# TreeDLib

In [8]:
%load_ext autoreload
%autoreload 2

The autoreload extension is already loaded. To reload it, use:
  %reload_ext autoreload


We define three classes of operators:
* _NodeSets:_ $S : 2^T \mapsto 2^T$
* _Indicators:_ $I : 2^T \mapsto \{0,1\}^F$
* _Combinators:_ $C : \{0,1\}^F \times \{0,1\}^F \mapsto \{0,1\}^F$

where $T$ is a given input tree, and $F$ is the dimension of the feature space.

In [9]:
from feature_templates import *
from basic_features import *

## Simple demo: Generating DDLib features

As a first simple demo let's generate the features generated by [ddlib](http://deepdive.stanford.edu/doc/basics/gen_feats.html).

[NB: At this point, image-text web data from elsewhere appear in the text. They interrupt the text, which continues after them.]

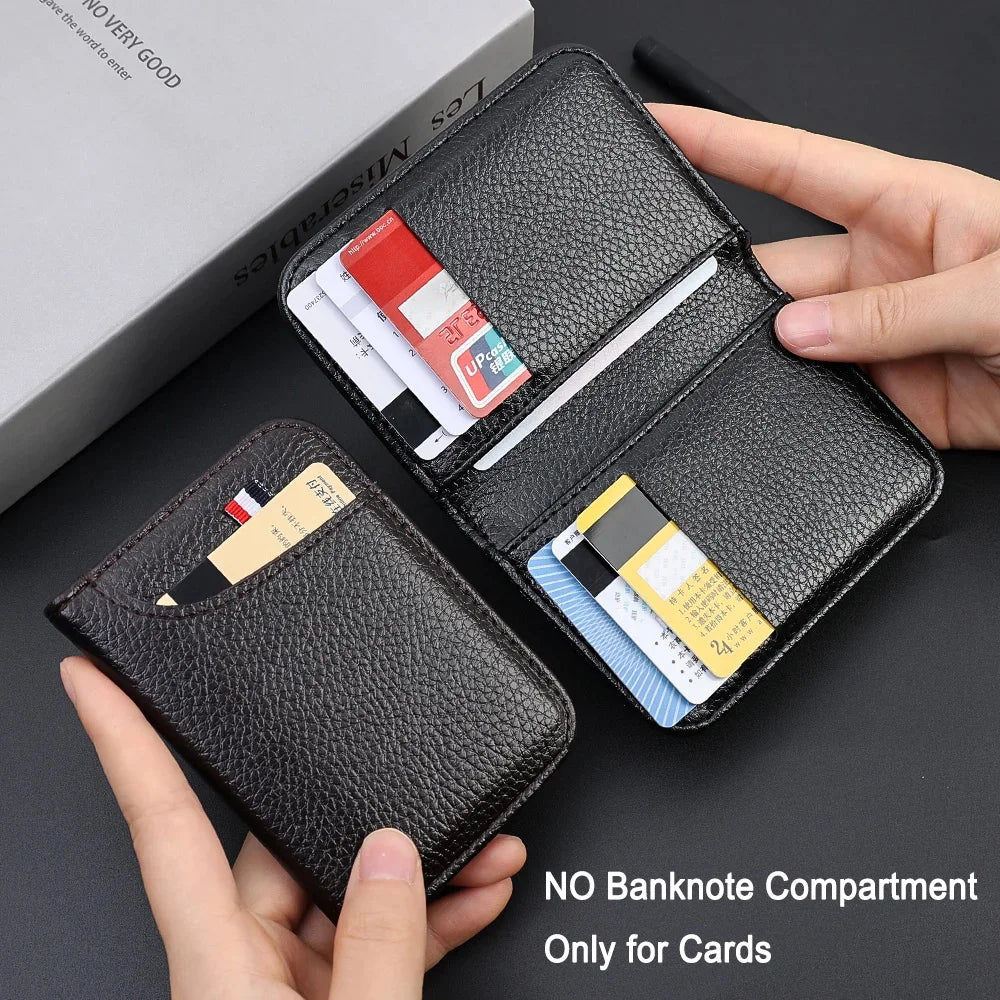 A black slim PU leather credit card wallet is shown open, displaying various cards and a separate card holder.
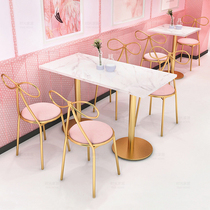 Simple milk tea shop table and chair combination Net red chair leisure restaurant Sweet Shop Cafe creative marble table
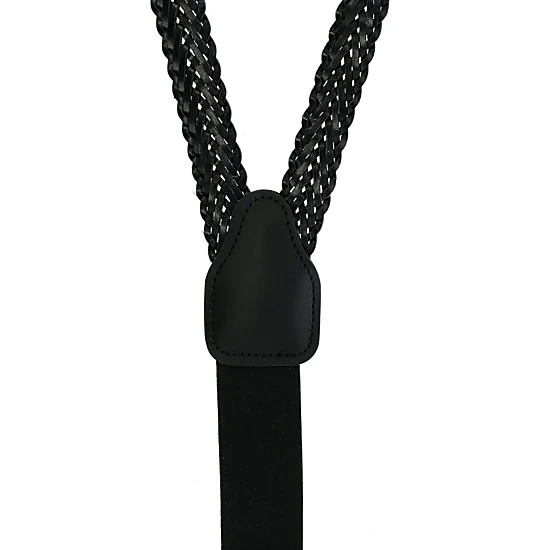 CTM® Coated Leather Button-End 3/4 Inch Braided Suspenders
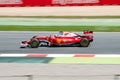 Sebastian Vettel drives the Scuderia Ferrari car on track for the Spanish Formula One Grand Prix at Circuit de Catalunya Royalty Free Stock Photo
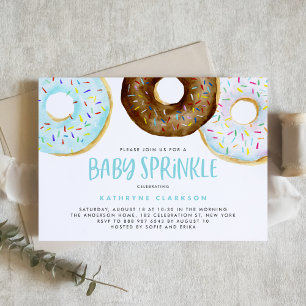 Blue and Chocolate Watercolor Doughnuts Baby Sprin Invitation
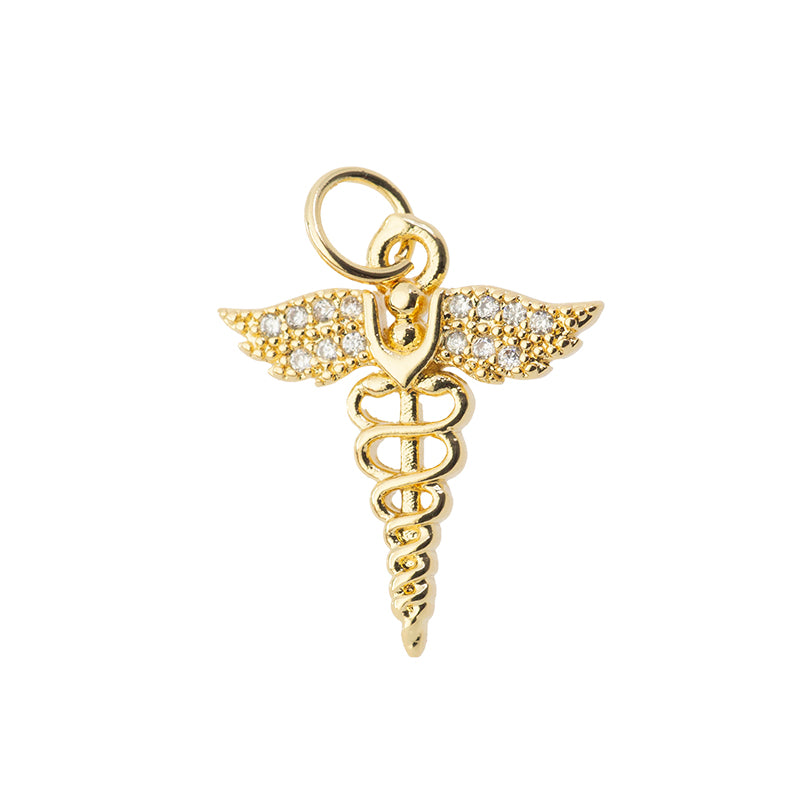Dije Chapa con Circonia Medico 18x16mm Dorado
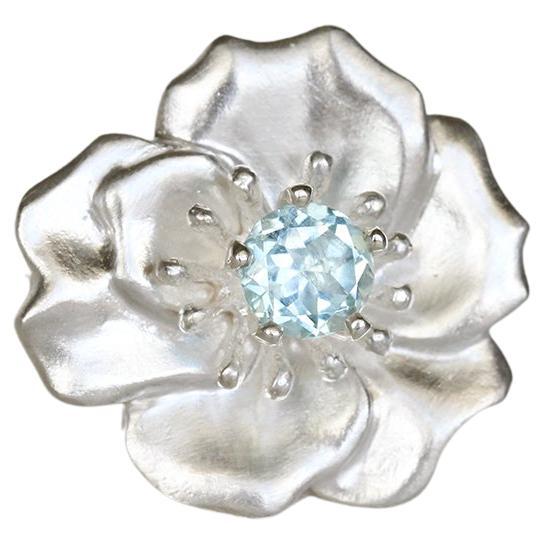 For Sale:  Eva Rose Ring / Sterling Silver, Aquamarine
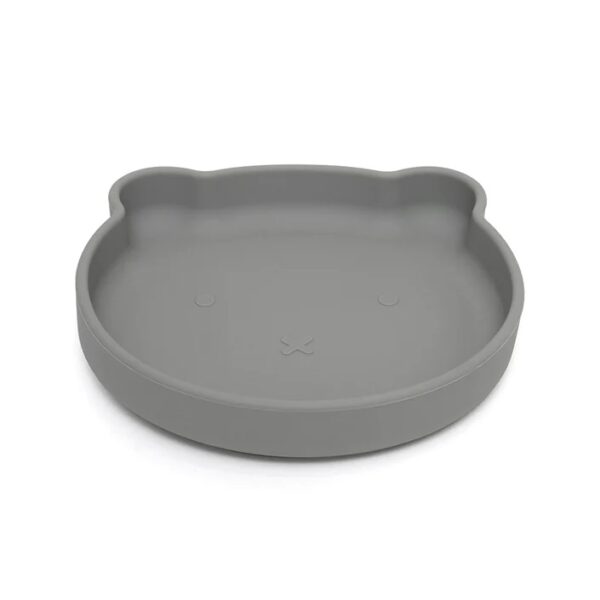 Petit-Monkey-silikoonist-taldrik-iminapaga-Pewter-Green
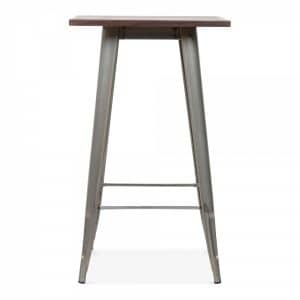 Tolix Style Metal Bar Poseur Table Solid Elm Wood Gunmetal for Hire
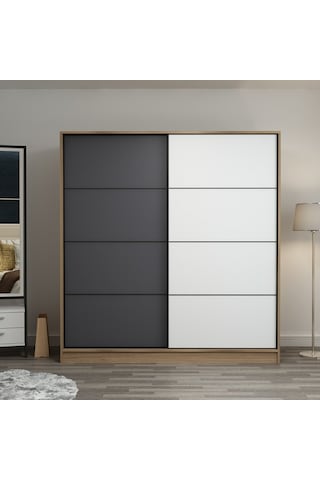 Minar Kale 2 Kapaklı Sürgülü Dolap 180 Cm - Dore/antrasit/beyaz 210cm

**_Note there are some noticeable differences stemming from using a dep tree representation at base; but a simple linear representation of the sentence could be used too, as in DDLib_**

First, let's load a few sample sentences and convert one of them to XML format for testing; we'll also load the feature templates library, and also tag some candidates (crudely for now) to play around with:

In [13]:
import lxml.etree as et
from util import load_sentences, tag_candidate
from tree_structs import sentence_to_xmltree, XMLTree
dts = map(sentence_to_xmltree, load_sentences('test/test1.parsed.tsv'))
dt = dts[1]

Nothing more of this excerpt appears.